Les antiquaires le savent. Leur domaine est soumis à des cycles en dents de scie qui commandent de s'adapter constamment et rapidement. C'est encore plus vrai s'ils ont le milieu du cinéma pour client. «On travaille avec une industrie qui demande qu'on soit très rapide, confirme M. Lévesque. Par exemple, on m'a appelé ce dimanche pour des raquettes qui devaient être disponibles ce matin [lundi] très tôt sur un plateau de tournage.»

Cette capacité à réagir rapidement est un incontournable pour espérer survivre dans ce milieu, estime Francis Lord. «Ce n'est pas parce qu'on vend des antiquités qu'il ne faut pas s'ajuster au marché. Il faut se tenir au courant, créer de nouvelles niches. Ce n'est pas pour rien que je suis en ce moment à New York pour un gros salon international. Il faut bouger, sinon, on ne peut pas résister aux creux.»

C'est la voie qu'a choisie la propriétaire de la boutique Lucie Favreau Antiques, qui se spécialise dans les souvenirs sportifs et les jouets anciens. «Il faut être dynamique, sinon tu vas fermer tes portes, raconte Mme Favreau. Pour ça, il faut créer sa propre niche, gérer sa clientèle et en développer de nouvelles. C'est dur. Moi, par exemple, je suis très active sur Internet, j'achète et je vends. J'encante mes objets sur eBay.»

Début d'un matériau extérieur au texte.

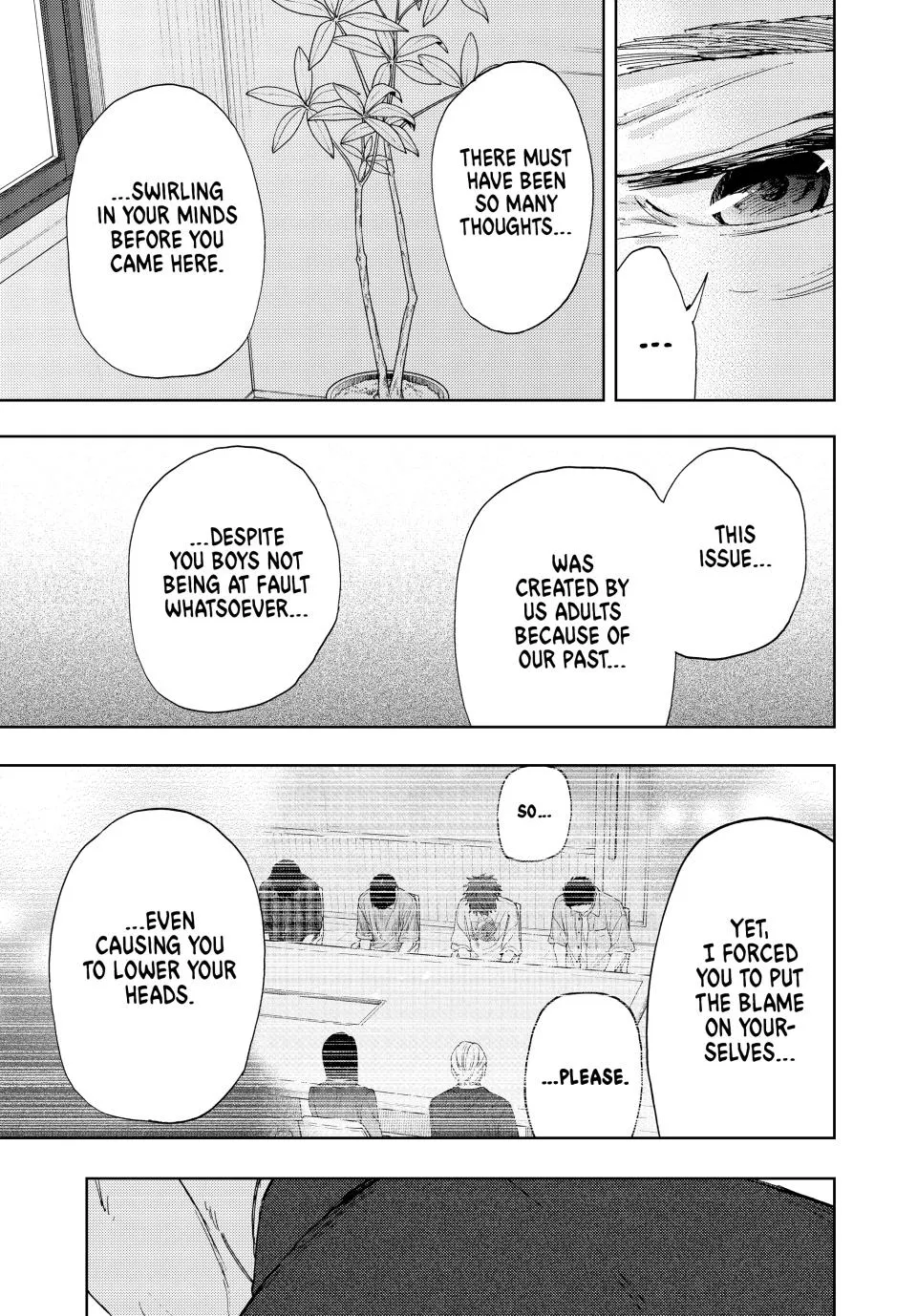 Read Kaoru Hana wa Rin to Saku Manga Online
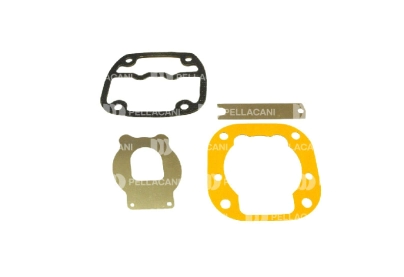 Kit rep tapa compresor Wabco 75mm Zp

Mme Favreau travaille également très fort en amont. Elle n'hésite pas à faire directement affaire avec les sportifs pour garnir ses collections qui touchent de nombreux sports, du hockey au golf en passant par le tennis. C'est ainsi qu'elle en est venue à carrément représenter des joueurs. «La plupart des joueurs ne savent même pas la valeur des objets, il faut être dans le marché pour le savoir, raconte-t-elle. Chacun ses affaires; moi, ma spécialité, c'est de le savoir et d'en tirer profit.»

Selon le président de l'Association du Quartier des antiquaires de Montréal, la mauvaise passe qui guette le quartier ne viendra pas à bout de la vitalité qui a fait sa réputation. Cela étant, son allure, elle, pourrait fort bien changer. «Je crois qu'il y aura moins de brocante sur la rue Notre-Dame. Je ne veux pas que ça sonne péjoratif, mais il y aura moins de ce genre de magasin où on achetait des trouvailles pour pas cher. Ceux qui vont rester, à mon sens, ce sont ceux qui font dans une "bracket" de prix plus élevée et qui auront réussi à se renouveler.»

Paradoxalement, le milieu qui table sur le passé n'est pas à l'abri des nouvelles tendances. «Les consommateurs qui prisent nos boutiques veulent aussi du nouveau. Il faut donc accepter de miser sur autre chose: le moderne, l'Orient, par exemple», explique M. Lord depuis la Grosse Pomme, où il assistait cette semaine au New York Design Show, un événement qui présente des objet datant du XVIIe siècle à aujourd'hui.

«L'idée est de présenter l'antiquité de manière plus actuelle. Là-bas, il y avait des choses modernes, des trucs de 200 ans mélangés à des choses datant de 25 ans seulement. Il s'agit de montrer à la clientèle qu'il est possible de faire côtoyer ces pièces savamment. C'est très excitant. Ça donne une nouvelle vie», conclut M. Lord.